Dataset excerpts:
_ _ _ _

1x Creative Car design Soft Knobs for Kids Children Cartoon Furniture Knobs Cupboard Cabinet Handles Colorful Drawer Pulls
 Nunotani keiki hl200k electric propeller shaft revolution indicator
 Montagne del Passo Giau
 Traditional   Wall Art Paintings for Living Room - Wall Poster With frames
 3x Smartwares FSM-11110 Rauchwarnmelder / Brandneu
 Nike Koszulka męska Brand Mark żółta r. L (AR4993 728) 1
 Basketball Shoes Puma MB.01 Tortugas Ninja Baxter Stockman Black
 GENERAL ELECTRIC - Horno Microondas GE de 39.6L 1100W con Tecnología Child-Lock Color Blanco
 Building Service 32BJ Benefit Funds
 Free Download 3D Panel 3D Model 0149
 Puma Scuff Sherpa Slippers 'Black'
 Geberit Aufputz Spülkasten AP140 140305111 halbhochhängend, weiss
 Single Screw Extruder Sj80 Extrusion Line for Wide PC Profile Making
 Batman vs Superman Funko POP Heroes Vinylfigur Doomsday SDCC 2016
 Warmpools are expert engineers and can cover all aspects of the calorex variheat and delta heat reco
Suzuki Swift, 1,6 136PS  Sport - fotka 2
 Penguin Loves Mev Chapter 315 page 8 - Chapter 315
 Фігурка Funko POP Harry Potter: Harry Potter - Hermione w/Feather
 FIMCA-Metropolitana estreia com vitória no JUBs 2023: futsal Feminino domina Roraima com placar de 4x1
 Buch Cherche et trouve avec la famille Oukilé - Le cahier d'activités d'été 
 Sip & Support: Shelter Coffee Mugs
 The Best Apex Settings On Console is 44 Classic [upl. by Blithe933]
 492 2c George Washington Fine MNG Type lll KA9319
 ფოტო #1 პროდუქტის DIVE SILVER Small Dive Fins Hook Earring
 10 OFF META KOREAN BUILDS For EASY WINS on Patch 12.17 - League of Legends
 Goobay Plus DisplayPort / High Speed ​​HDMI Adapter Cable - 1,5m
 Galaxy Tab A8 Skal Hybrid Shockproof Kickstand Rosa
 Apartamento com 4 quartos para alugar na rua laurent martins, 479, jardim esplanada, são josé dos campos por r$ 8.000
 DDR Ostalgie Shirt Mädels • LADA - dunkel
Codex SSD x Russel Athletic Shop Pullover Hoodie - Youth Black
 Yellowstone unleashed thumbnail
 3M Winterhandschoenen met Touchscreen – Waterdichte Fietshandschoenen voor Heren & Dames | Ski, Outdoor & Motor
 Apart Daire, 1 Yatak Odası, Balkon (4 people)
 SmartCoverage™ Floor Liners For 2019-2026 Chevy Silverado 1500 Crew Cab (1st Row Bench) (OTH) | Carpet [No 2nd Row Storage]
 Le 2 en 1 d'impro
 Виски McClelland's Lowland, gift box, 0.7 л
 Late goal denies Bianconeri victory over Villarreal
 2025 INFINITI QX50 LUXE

_ _ _ _

# ASSIGNMENT
From the line containing "Galaxy Tab A8" to the final line of the entries, print every line exactly and nothing else.

# YOUR SOLUTION
 Galaxy Tab A8 Skal Hybrid Shockproof Kickstand Rosa
 Apartamento com 4 quartos para alugar na rua laurent martins, 479, jardim esplanada, são josé dos campos por r$ 8.000
 DDR Ostalgie Shirt Mädels • LADA - dunkel
Codex SSD x Russel Athletic Shop Pullover Hoodie - Youth Black
 Yellowstone unleashed thumbnail
 3M Winterhandschoenen met Touchscreen – Waterdichte Fietshandschoenen voor Heren & Dames | Ski, Outdoor & Motor
 Apart Daire, 1 Yatak Odası, Balkon (4 people)
 SmartCoverage™ Floor Liners For 2019-2026 Chevy Silverado 1500 Crew Cab (1st Row Bench) (OTH) | Carpet [No 2nd Row Storage]
 Le 2 en 1 d'impro
 Виски McClelland's Lowland, gift box, 0.7 л
 Late goal denies Bianconeri victory over Villarreal
 2025 INFINITI QX50 LUXE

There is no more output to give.